Both books are based on the premise that if the general public knew more about finance and economics things might be better.

Economics: the User’s Guide 
Ha-Joon Chang
Pelican, 528pp, £7.99

How to Speak Money 
John Lanchester
Faber & Faber, 304pp, £17.99

In 2008, while the Queen was at the LSE being schooled on the troubling situation that turned into a credit crisis, she asked the assembled professoriate: “Why did nobody notice it?” A number of reputable economists felt the need to send her a letter apologising for their lapse and stating that the reason was a “failure of collective imagination”. But although it was the first case to involve such a specific rebuke from the lady with her face on the money, it was far from the first instance of failed imagination – or collective misprognostication – involving the economics profession.

Repeated evaluations of the accuracy of economic forecasts hint at predictive powers reminiscent of the wrong day’s horoscope. And when it comes to growth strategies, any economist worth a PhD should be able to present competing theories supporting the advantages of openness or protection, the centrality of education and health, the prime role for investment in factories or infrastructure, and the overwhelming importance of civil rights or property rights. One might be left wondering: does econo­mics have any real-world utility at all?

Given this, Economics: the User’s Guide, by the Cambridge University economist Ha-Joon Chang, and How to Speak Money, by the journalist and author John Lanchester, should provide some comfort to the lowly researcher hunched over his laptop, analysing the latest data from the Office for National Statistics. For all that they poke a stick at mainstream thinking in the subject, at least the authors prove that it matters.

Both books are based on the premise that if the general public knew more about finance and economics things might be better. Chang says there is no one right answer in economics, and so “we cannot leave it to experts alone”. For Lanchester, with most of us ignorant, “the money people didn’t have to explain what they were up to” before the Great Recession. He learned “to speak money” and he wants us to learn, too.

The authors take different approaches. Much of Lanchester’s book is taken up with an entertaining (if not fully reliable) dictionary of terms. I spent a happy and thought-provoking few hours reading the entries. But I am not sure, if you took the book as your teaching aid to the 2008 financial crisis, that you would learn all you needed to know. The “hot waitress index” (the theory that you find many more attractive women working as waitresses in a recession, because the jobs they do when the economy is good, such as fashion and luxury retail, get scarce) has a longer entry than the one on derivatives and is, as Lanchester suggests, “fanciful” at best.

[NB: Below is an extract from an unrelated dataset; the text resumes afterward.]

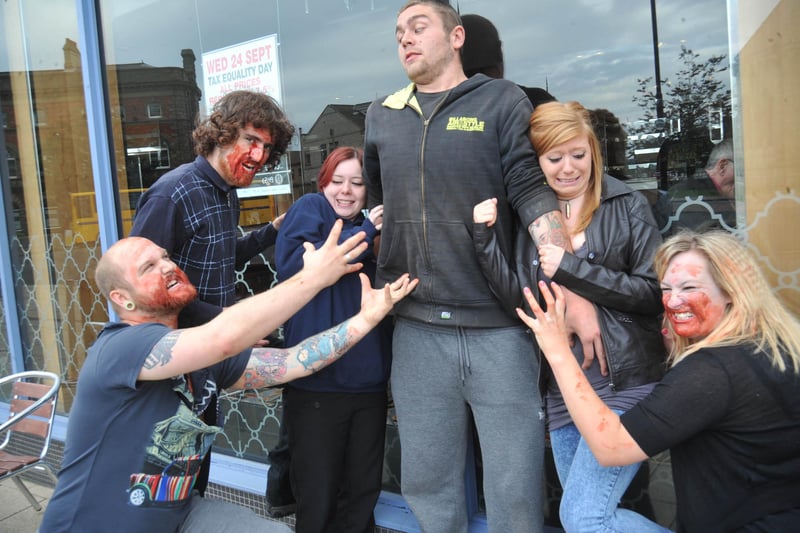 Zombies and survivors (left to right) Dan Mason, Richard Walker, Hannah Smith, Matty Shea, Alex Rodgers and  Kate Barratt rehearse for an event 7 years ago - but who can tell us more?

The 12 chapters of Ha-Joon Chang’s book cover topics ranging from income, happiness and finance to inequality and international development. He writes with enough depth to provide insights for experts and enough breadth to reach the further shores of the discipline for the interested layman. Chang convincingly demonstrates that there are no certain laws of behaviour and that individuals (let alone societies) are too complex to be explained by simple models. He highlights the example of Singapore, one of east Asia’s most miraculous success stories, which has policies that frequently place it at the top of the “economic freedom” indices compiled by right-wing think tanks. At the same time, as Chang points out, 85 per cent of housing in Singapore is supplied by the government, which also owns a swath of big businesses that account for more than a fifth of the country’s GDP. Or look at China: it is a melange of Wild West capitalism and state control beyond the fevered imagining of even the most postmodern of economic theorists.

But despite that, and though economists disagree about a lot of things, a lot of economists also do agree about some things. And this very agreement indicates that their hubris and blind spots might matter less than Lanchester and Chang seem to think. The Chicago Booth survey of US economic experts finds that more than four out of five think that increased budget spending in 2008 helped reduce unemployment over the next two years, but only 5 per cent were convinced that the costs of the US stimulus programme outweighed its benefits. Only 5 per cent think having trillion-dollar banks is definitely good for the US. Not a single economist out of those surveyed said he or she disagreed with the idea that “freer trade improves productive efficiency and offers consumers better choices, and in the long run these gains are much larger than any effects on employment”. Almost nine out of ten think that more skilled immigration would be good for the economy and few­er than one in ten think that more unskilled immigration would definitely be bad.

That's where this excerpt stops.